Asserting that banks are repository of public resources, Reserve Bank Deputy Governor M K Jain on Tuesday said lenders need to design appropriate governance standards and implement internal controls to be worthy of the public trust.
Corporate governance is the cornerstone for any enterprise and it assumes a distinctly different undertone and importance for banks, he emphasised.
It is well known that banks are special in terms of services they render and the segments they touch, and they act as catalysts in growth of the economy. Most importantly, banks enjoy the privilege of mobilising uncollateralised public deposits, he added.
He pointed out that the negative externalities of banks and NBFCs are also much higher due to their interconnectedness and that's why globally, banks are regulated and supervised very closely.
"Being highly leveraged entities and with the interconnectedness, there must be separation between ownership and management, so that they operate on professional lines," he said at an event organised by Business Standard newspaper.
Stressing that governance reforms have been an area of continued focus for the RBI, Jain said that various regulatory measures, including the mandatory listing of private sector banks, composition of the board and guidance on fit and proper criteria, have all been driven to improve the corporate governance and internal controls in the banks.
"As repositories of public resources, banks need to design appropriate governance standards and implement internal controls to be worthy of the public trust," he said.
He said various prudential supervisory initiatives have been taken by the RBI in recent years for bringing about the unified and more holistic approach to supervision and improving skill and capacity of supervisory staff.
For continuous engagement with supervised entities, he said, a web-based and an end-to end workflow automation system has been developed.
"It has various functionalities, including inspection, compliance and incident reporting for cyber security... with a built-in remediation workflow, time tracking, notifications and alerts, Management Information System (MIS) reports and dashboards.
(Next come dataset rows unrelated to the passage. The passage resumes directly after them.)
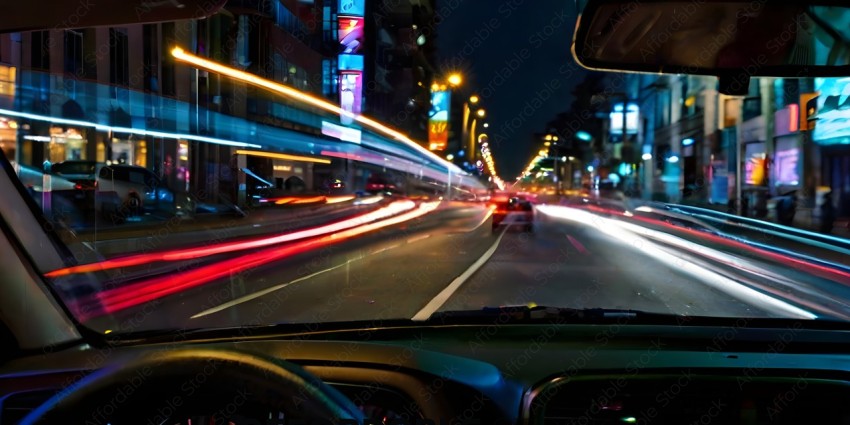 A blurry nighttime city street with a car driving down it
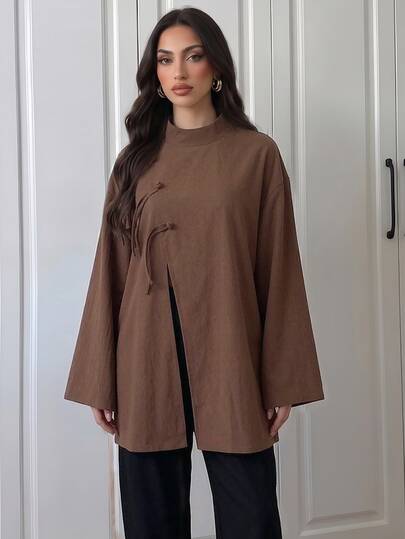 Duskaine Women's Early Autumn New Cotton Fashion Elegant Minimalist Slouchy Atmospheric Outfit Daily Gathering Holiday Wear Daily Travel Casual Commute Versatile Frog Button Decor Slit Design Brown Stand Collar Loose Flare Long Sleeve Shirt Top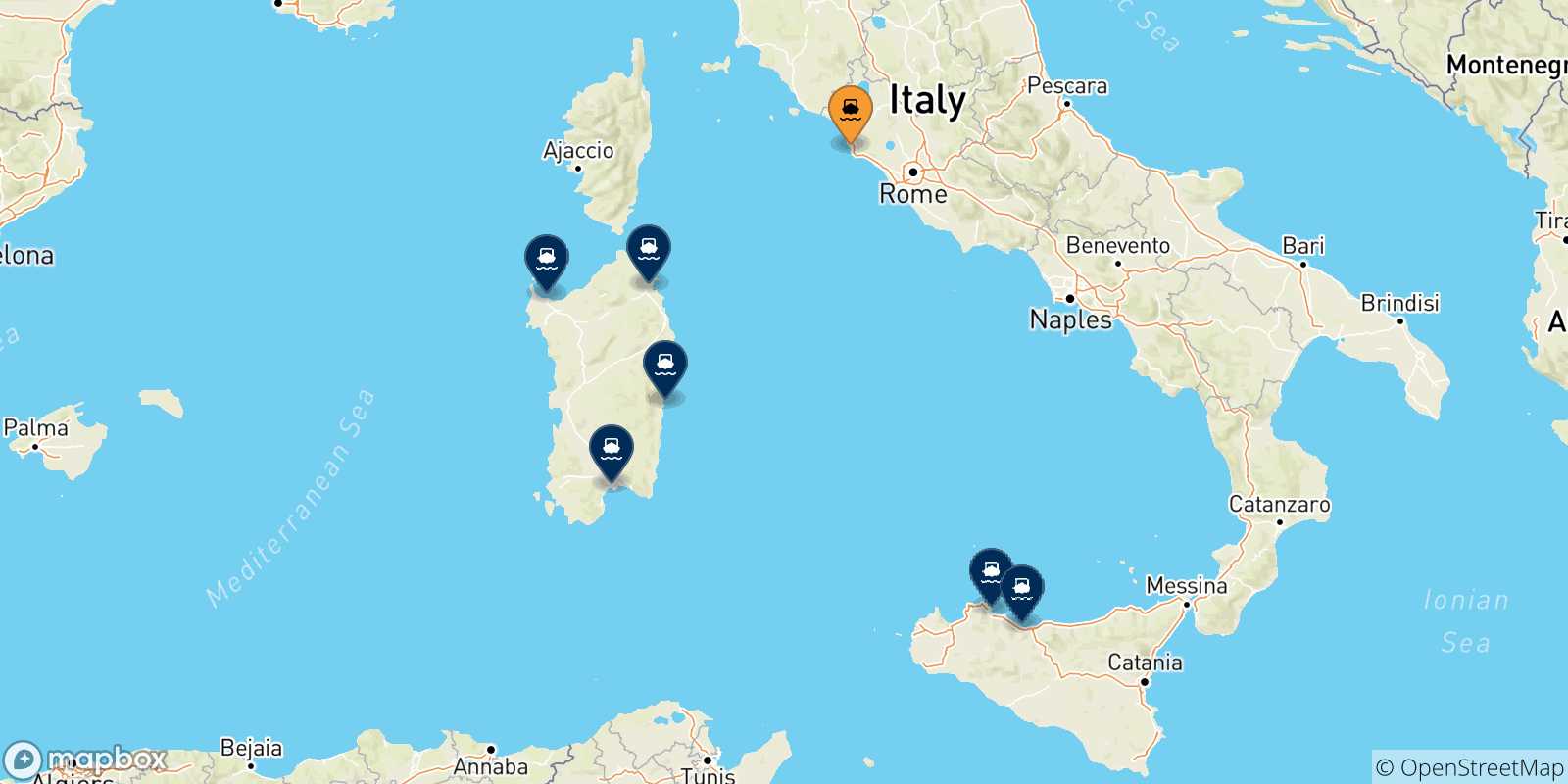 Carte des traversées possibles entre Civitavecchia et l'Italie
This is being launched shortly," he said.
As banks are in the business of taking risks, sound risk culture lies at the heart of every decision that they take, he said, adding that the RBI too has made risk culture and business model analysis as part of its supervisory assessment in alignment with global developments.
With the proliferation of digital banking, Jain said cyber security has become an extremely important area of supervisory concern.
To address concerns, the RBI has developed a model-based framework for assessing cyber risk in banks using various risk indicators, he added.
In this ever evolving and challenging environment, Jain said, "ultimately, it is the operations of a financial entity in terms of its governance standards, business model, risk culture, and assurance functions that will decide how well it fares in the long run".